Every line from the start of the records below to the line containing "Psychonaut Club" should be retyped exactly, that line included, and no others.
--- --- ---
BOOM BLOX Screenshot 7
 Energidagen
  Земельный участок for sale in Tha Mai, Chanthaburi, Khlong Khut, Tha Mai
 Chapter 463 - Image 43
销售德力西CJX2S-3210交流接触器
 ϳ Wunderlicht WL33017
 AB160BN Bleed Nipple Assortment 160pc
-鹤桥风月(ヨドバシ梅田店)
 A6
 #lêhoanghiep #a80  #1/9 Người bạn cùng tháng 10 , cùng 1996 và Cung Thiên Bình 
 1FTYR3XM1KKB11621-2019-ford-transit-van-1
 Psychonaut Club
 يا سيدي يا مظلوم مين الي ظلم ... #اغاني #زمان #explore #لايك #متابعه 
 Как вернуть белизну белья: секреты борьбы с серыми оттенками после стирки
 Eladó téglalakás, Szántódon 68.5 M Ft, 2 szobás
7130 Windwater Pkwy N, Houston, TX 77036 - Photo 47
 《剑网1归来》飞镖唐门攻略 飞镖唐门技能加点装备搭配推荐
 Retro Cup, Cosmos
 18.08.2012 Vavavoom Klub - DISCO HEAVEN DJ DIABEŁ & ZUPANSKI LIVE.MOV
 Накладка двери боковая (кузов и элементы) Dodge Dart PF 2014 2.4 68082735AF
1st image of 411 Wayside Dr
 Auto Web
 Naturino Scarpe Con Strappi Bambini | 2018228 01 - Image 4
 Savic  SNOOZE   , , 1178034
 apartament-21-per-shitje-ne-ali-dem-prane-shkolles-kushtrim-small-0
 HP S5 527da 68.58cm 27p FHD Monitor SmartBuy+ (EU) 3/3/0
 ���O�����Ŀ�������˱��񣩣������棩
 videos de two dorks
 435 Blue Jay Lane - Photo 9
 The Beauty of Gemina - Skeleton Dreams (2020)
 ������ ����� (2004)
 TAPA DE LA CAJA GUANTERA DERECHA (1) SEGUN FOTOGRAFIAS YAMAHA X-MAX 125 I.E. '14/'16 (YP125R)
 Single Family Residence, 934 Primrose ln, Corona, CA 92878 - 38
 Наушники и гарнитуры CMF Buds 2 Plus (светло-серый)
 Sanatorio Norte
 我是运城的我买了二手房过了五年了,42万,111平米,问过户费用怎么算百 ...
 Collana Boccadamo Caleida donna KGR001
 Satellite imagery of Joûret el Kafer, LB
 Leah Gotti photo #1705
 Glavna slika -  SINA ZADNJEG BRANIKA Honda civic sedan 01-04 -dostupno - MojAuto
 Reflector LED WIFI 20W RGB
--- --- ---
*Output of the exercise*
BOOM BLOX Screenshot 7
 Energidagen
  Земельный участок for sale in Tha Mai, Chanthaburi, Khlong Khut, Tha Mai
 Chapter 463 - Image 43
销售德力西CJX2S-3210交流接触器
 ϳ Wunderlicht WL33017
 AB160BN Bleed Nipple Assortment 160pc
-鹤桥风月(ヨドバシ梅田店)
 A6
 #lêhoanghiep #a80  #1/9 Người bạn cùng tháng 10 , cùng 1996 và Cung Thiên Bình 
 1FTYR3XM1KKB11621-2019-ford-transit-van-1
 Psychonaut Club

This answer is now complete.